» **RECORDS SUPPLIED**:
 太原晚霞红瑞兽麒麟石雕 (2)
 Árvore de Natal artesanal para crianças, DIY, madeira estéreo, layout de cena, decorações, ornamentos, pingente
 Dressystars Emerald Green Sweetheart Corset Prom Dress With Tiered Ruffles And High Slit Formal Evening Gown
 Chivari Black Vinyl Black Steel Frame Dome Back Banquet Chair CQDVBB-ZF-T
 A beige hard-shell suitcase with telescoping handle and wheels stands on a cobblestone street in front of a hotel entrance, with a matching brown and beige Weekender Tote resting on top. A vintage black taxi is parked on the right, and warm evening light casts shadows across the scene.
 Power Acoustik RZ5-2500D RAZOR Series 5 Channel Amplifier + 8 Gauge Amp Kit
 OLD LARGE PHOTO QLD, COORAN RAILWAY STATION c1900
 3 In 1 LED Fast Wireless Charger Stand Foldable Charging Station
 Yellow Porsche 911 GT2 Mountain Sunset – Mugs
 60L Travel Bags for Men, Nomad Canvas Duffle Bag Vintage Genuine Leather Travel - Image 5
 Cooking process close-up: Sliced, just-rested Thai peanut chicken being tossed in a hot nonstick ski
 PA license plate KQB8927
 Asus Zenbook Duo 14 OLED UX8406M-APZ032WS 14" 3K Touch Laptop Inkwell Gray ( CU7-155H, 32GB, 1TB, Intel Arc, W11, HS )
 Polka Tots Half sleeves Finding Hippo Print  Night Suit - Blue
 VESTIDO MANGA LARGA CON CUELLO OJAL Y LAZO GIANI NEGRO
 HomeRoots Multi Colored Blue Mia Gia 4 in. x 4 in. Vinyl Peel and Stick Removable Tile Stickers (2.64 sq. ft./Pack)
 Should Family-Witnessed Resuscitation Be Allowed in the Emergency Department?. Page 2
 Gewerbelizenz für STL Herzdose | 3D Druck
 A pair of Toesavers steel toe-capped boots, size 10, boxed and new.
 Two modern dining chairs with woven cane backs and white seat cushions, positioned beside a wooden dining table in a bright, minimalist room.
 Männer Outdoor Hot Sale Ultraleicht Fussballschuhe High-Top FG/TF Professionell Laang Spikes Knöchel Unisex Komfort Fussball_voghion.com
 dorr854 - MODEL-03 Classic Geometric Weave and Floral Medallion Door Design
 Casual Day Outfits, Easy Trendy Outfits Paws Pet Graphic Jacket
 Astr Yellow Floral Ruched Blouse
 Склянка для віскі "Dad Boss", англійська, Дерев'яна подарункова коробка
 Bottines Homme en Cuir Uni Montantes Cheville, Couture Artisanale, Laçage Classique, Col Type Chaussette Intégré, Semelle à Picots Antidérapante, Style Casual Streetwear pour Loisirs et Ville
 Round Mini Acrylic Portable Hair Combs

» **WHAT IS EXPECTED**: Nothing beyond the line that contains "Chivari Black Vinyl" belongs in the answer; reproduce the entries exactly from their first line through it.

» **TASK SOLUTION**:
 太原晚霞红瑞兽麒麟石雕 (2)
 Árvore de Natal artesanal para crianças, DIY, madeira estéreo, layout de cena, decorações, ornamentos, pingente
 Dressystars Emerald Green Sweetheart Corset Prom Dress With Tiered Ruffles And High Slit Formal Evening Gown
 Chivari Black Vinyl Black Steel Frame Dome Back Banquet Chair CQDVBB-ZF-T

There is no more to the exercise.